I thought about sharing something different today, a topic that many retail investors might not be familiar with. A category within the realm of investing, are considered ‘elites’; an entity that serves only wealthy and accredited investors. Did you guess it right?

That’s right. Hedge funds.

The hedge fund community has attracted a lot of limelight and glamour over the years, not surprising at all given the wide coverage by mainstream media of the luxurious lifestyles of hedge fund managers.

Do you know that in his early career Warren Buffett and his mentor Benjamin Graham ran investment partnerships that were similar to a hedge fund structure?

Ironically, in 2008 Warren Buffett made a bet against hedge funds that a low-cost index fund would outperform them in the next 10 years.

So what are hedge funds? How are they different from mutual funds?

In the professional world of finance, hedge funds are categorized as alternative investments, one key difference between a mutual fund and a hedge fund is investment strategy. Unlike mutual funds, hedge funds can perform complex investment techniques such as long-short positions, net long or net short portfolios, short-selling, arbitrage and the use of leverage.

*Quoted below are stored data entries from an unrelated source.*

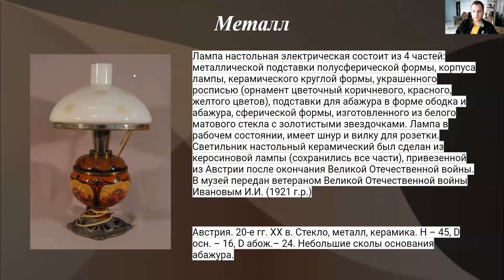Абажур изготовлен из белого матового стекла с волнистым изгибом. Лампа в рабочем состоянии, имеет шнур и вилку для розетки. Здесь очень важно указать функциональность: она работает или не работает. Если мы знаем, что лампа находится в исправном состоянии, то её можно будет использовать для различных музейных мероприятий.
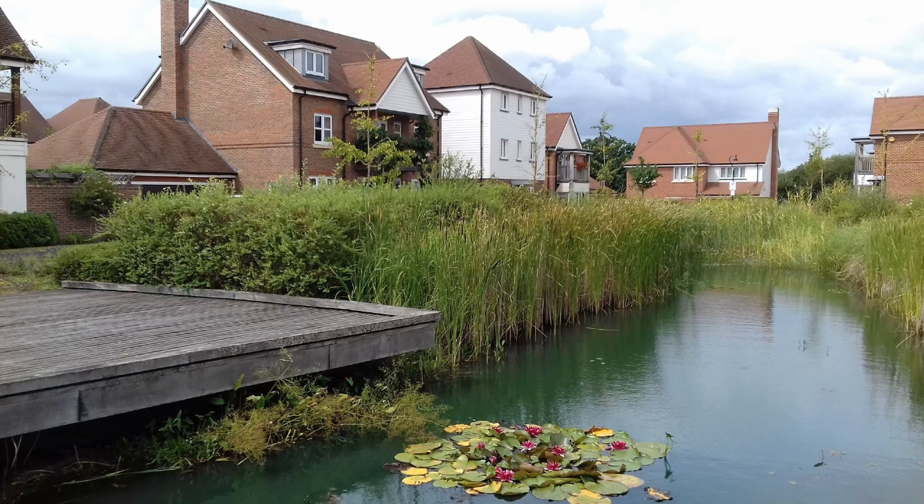In new housing developments, the opportunity for SuDS is obvious. This is a rainfall attenuation pond in Berwickley, London, complete with a viewing platform which can be used for pond dipping and lots of wetland habitat. During periods of heavy rainfall, instead of water being transported straight off-site into local rivers — where it would increase the risk of river flooding — it is stored on-site, where it helps sustain a healthy wetland.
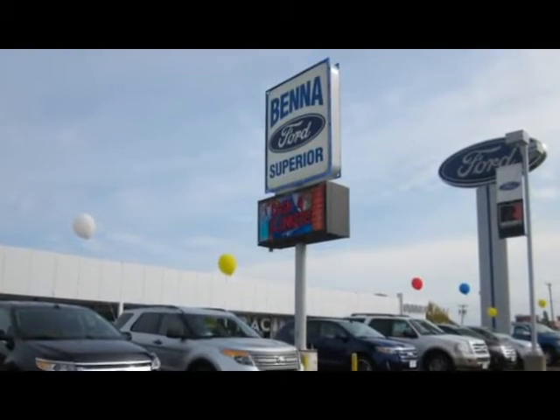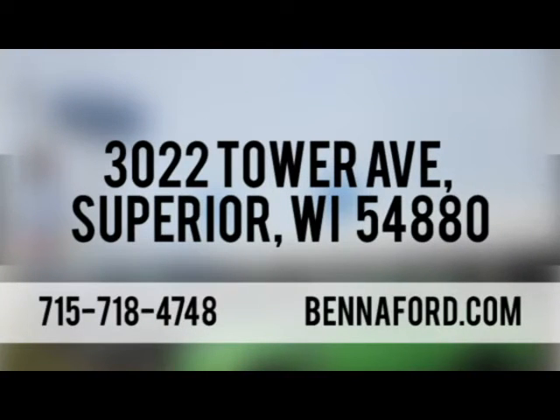At Beneford, we've got you covered. Call, click, or stop in today. We're conveniently located at 3022 Tower Avenue in Superior, Wisconsin.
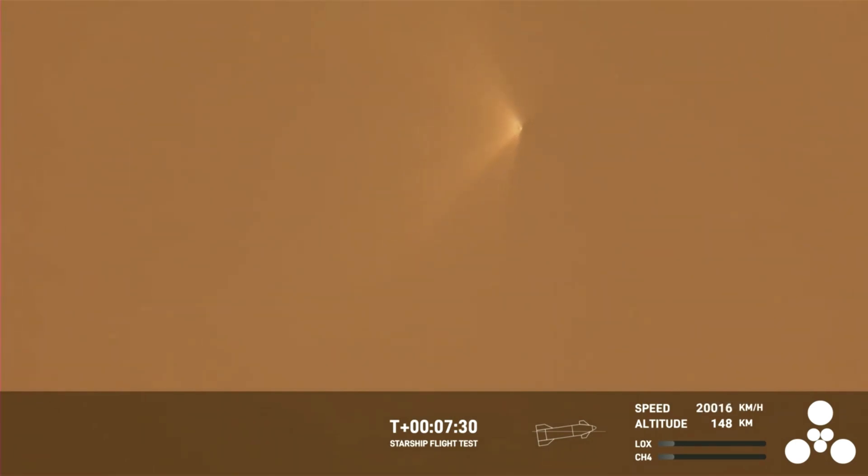If the booster had survived, we would be around the time where it would be getting ready to land, performing its re-entry. But it unfortunately did not survive. That being said, that's okay — it survived several seconds after hot staging. So we're going to take that data and improve the hot staging sequence, and probably improve the hardware itself for the next flight.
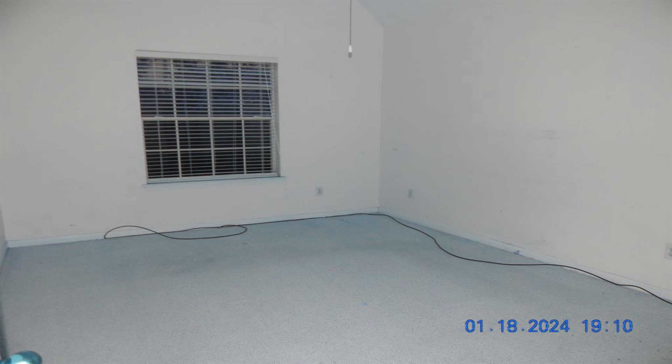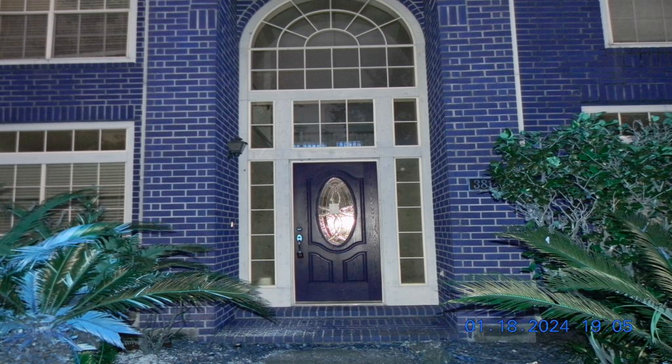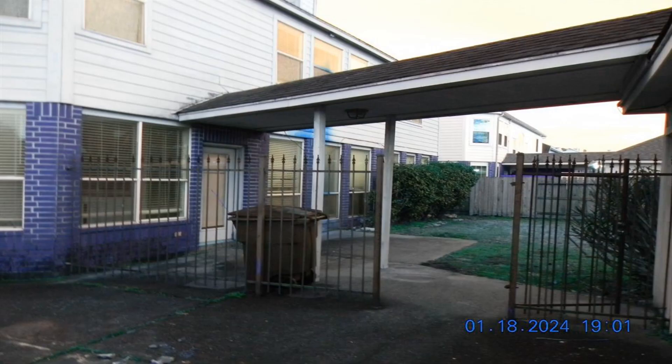Updates needed, but you wanted to remodel anyway, so this is the one for you. Two bedrooms on each side of the game room with Jack and Jill baths to service both sides.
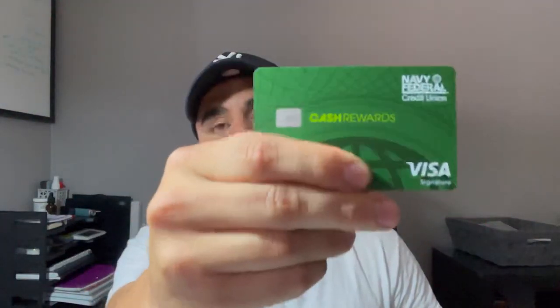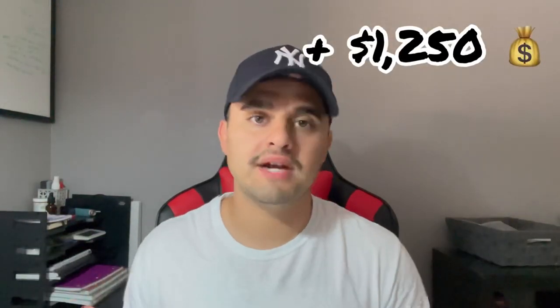The third card is the Navy Federal cash rewards business credit card. After you spend $2,000, you get a $200 credit. That adds up to $1,250 free in my pocket, using the same money that I was gonna spend anyways.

Obviously there are a lot to know about hedge funds, but in this article, I would like to focus on explaining the different strategies it employs.

Activist

A breed that has been making headlines in Singapore lately, Activist investing seeks an active role in unlocking value by working with management to make significant changes in the company. In certain cases where the company is poorly run, activist investors will push for a vote to replace the existing management committee. This strategy can only be executed by well-funded investors who can take on large stakes in the company to gain voting rights. A recent example is Quarz Capital and Oxley boss, Ching Chiat Kwong using their financial muscle and influence to vote out the management of IHC.

Arbitrage

A strategy that exploits pricing inefficiencies of an asset that trades in different markets. In its truest form, a trader buys an asset in one market and simultaneously sells it in another market at a higher price. There many sub-forms of arbitrage such as merger arbitrage, statistical arbitrage, convertible arbitrage and so on.

Distressed Debt/Assets

A contrarian approach which involves acquiring debt or assets of financially troubled companies or countries at large discounts. Distressed debt or assets are usually not investment grade, hence limiting ownership to only large institutional investors like hedge funds, private equity and investment banks. Due to a high possibility of bankruptcy in these situations, investors would demand a high payoff to mitigate downside risk. Firms that specialize in these situations are often known as vulture funds.

Macro

Hedge fund legends like George Soros, Stanley Drunkenmiller, Jim Rogers, Paul Tudor Jones and Ray Dalio are adopters of top down global macro, practitioners seek to profit from predicting large scale macro-economic events or catalyst. Top down macro traders are often versatile as they look for opportunities across FX, Bonds, Equities and Commodities. Global macro involves the study of monetary and fiscal policy across developed and emerging economies.

Long/Short Equity

A market neutral strategy that attempts to hedge out market exposure by going long undervalued stocks and short overvalued stocks. A portfolio can be differentiated by market geography, sector, value or growth. Long/short portfolio can also be net long or net short bias as per trader’s discretion.

Relative Value

Similar to long/short equity, relative value is a subset of market neutral strategies. Relative value trading can be done in fixed income, commodities and FX markets. For example, a trader who is expecting the Australian 10yr government bonds to outperform, will go long and hedge out market risk by selling a basket of G3 10yr government bonds of equal weightage.

Quant

Increasingly popular these days, quant are trading strategies developed on mathematical concepts. A quant relies on historical data, backtesting and optimization systems to develop strategies. Hedge funds can leverage on technology such as A.I and machine learning to create ‘Black Box’ algorithms that automates analysis, development and execution of strategies. With technological advancement, quantitative trading and algorithmic trading are likely to grow in the coming years.

 

According to data from Hedge Fund Research, the estimated number of hedge funds globally is close to 10,000 with assets under management reaching $ 3 trillion dollars. These strategies are complex and requires a level of expertise to execute, it is important to note that we as retail investors should stay focus on a simple investment strategy and keep a long term focus in mind. Retail investors should develop a circle of competence as a way to focus only on areas we know best, this will improve our odds of success and minimize risk.